**RECORDS SUPPLIED:**
'''
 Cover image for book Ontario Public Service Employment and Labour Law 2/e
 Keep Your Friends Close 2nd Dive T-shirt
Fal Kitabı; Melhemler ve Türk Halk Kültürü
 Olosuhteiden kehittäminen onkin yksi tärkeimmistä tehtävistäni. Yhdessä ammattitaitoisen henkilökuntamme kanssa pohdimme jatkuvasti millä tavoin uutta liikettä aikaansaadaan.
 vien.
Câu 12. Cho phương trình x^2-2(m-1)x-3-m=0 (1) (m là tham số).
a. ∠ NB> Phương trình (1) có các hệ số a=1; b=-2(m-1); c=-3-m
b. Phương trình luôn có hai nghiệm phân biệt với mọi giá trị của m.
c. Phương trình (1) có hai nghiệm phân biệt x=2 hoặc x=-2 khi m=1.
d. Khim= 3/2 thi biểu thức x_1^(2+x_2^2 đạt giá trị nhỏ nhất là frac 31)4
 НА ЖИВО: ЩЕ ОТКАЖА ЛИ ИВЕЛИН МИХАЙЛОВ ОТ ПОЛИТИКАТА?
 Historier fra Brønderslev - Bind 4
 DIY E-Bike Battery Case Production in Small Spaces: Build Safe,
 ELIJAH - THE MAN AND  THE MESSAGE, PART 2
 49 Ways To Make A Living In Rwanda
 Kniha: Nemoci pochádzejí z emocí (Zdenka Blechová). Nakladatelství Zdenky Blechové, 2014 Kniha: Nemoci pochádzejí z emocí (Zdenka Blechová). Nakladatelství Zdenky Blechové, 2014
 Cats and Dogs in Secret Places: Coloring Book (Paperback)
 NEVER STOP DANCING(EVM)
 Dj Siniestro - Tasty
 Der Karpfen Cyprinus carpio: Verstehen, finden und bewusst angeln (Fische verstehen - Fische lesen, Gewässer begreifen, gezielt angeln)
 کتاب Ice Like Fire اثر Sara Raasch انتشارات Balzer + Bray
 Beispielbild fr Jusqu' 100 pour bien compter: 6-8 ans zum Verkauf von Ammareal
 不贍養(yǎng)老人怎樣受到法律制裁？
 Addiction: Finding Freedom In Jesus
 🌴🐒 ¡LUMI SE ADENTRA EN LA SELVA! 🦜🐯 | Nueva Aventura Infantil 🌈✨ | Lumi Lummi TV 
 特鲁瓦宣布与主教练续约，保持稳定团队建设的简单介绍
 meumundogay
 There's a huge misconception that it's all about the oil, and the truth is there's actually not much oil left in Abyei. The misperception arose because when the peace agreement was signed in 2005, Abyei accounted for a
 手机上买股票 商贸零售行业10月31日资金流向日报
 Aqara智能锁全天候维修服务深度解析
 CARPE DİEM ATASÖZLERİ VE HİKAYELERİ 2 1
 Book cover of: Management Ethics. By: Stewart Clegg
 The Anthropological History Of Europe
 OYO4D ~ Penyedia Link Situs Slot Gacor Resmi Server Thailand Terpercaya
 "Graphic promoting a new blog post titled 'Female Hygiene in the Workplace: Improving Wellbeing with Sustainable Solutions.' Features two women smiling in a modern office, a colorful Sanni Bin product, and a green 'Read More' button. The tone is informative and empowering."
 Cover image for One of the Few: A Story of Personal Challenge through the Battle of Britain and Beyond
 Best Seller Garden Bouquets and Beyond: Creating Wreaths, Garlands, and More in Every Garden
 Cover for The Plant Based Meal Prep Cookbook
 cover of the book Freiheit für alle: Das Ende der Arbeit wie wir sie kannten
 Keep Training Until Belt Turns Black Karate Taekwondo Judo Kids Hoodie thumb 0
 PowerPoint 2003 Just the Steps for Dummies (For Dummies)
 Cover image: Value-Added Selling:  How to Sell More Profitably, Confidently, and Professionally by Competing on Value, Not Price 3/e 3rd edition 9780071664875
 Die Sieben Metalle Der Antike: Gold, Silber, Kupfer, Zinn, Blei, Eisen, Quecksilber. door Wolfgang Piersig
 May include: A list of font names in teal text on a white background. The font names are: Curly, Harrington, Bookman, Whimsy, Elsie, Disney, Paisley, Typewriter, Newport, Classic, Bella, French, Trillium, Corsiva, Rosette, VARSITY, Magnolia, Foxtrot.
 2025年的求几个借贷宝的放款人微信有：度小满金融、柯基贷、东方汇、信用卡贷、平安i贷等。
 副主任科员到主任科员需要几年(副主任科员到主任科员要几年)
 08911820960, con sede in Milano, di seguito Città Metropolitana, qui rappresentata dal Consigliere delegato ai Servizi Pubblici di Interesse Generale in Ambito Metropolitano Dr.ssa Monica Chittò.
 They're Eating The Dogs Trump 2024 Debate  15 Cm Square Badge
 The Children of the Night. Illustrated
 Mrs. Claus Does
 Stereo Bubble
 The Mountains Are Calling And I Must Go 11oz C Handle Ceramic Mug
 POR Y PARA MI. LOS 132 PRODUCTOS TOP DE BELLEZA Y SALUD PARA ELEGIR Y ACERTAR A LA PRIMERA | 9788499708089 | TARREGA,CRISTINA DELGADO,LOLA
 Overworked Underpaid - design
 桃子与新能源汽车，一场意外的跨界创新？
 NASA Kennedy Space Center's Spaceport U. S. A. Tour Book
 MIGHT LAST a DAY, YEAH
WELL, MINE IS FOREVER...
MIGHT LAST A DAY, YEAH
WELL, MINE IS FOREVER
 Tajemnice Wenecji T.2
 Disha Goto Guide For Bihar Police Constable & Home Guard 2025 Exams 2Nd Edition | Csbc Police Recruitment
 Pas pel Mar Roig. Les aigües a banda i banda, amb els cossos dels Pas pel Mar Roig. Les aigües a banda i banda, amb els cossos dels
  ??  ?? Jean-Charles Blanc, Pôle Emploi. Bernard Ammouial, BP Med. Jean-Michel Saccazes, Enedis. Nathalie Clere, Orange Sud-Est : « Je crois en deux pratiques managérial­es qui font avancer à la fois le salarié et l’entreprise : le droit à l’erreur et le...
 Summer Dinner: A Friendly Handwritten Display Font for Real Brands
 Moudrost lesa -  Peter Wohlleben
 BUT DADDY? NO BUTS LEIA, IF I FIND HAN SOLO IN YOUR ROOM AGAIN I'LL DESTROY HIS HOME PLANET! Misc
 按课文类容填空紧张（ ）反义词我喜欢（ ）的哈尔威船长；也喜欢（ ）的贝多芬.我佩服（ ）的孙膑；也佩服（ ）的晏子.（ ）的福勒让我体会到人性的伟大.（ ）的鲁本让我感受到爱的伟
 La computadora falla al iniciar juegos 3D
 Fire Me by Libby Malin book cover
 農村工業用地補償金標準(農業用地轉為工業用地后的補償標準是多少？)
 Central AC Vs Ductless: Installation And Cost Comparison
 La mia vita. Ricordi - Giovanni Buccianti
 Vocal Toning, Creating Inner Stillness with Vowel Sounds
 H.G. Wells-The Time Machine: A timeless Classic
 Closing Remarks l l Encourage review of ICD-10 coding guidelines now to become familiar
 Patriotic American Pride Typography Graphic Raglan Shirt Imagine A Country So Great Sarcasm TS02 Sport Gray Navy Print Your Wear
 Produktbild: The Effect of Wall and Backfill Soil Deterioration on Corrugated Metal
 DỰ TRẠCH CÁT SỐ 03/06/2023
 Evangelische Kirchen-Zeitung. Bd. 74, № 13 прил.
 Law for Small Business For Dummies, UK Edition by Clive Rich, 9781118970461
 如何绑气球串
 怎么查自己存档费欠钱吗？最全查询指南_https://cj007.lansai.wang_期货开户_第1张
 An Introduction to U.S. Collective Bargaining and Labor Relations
'''
**ACTION ITEM:** Reproduce the material above exactly, beginning at its first line and ending with the line that holds "49 Ways To Make A Living In Rwanda". Include nothing else.

**ANSWER SPACE:**
 Cover image for book Ontario Public Service Employment and Labour Law 2/e
 Keep Your Friends Close 2nd Dive T-shirt
Fal Kitabı; Melhemler ve Türk Halk Kültürü
 Olosuhteiden kehittäminen onkin yksi tärkeimmistä tehtävistäni. Yhdessä ammattitaitoisen henkilökuntamme kanssa pohdimme jatkuvasti millä tavoin uutta liikettä aikaansaadaan.
 vien.
Câu 12. Cho phương trình x^2-2(m-1)x-3-m=0 (1) (m là tham số).
a. ∠ NB> Phương trình (1) có các hệ số a=1; b=-2(m-1); c=-3-m
b. Phương trình luôn có hai nghiệm phân biệt với mọi giá trị của m.
c. Phương trình (1) có hai nghiệm phân biệt x=2 hoặc x=-2 khi m=1.
d. Khim= 3/2 thi biểu thức x_1^(2+x_2^2 đạt giá trị nhỏ nhất là frac 31)4
 НА ЖИВО: ЩЕ ОТКАЖА ЛИ ИВЕЛИН МИХАЙЛОВ ОТ ПОЛИТИКАТА?
 Historier fra Brønderslev - Bind 4
 DIY E-Bike Battery Case Production in Small Spaces: Build Safe,
 ELIJAH - THE MAN AND  THE MESSAGE, PART 2
 49 Ways To Make A Living In Rwanda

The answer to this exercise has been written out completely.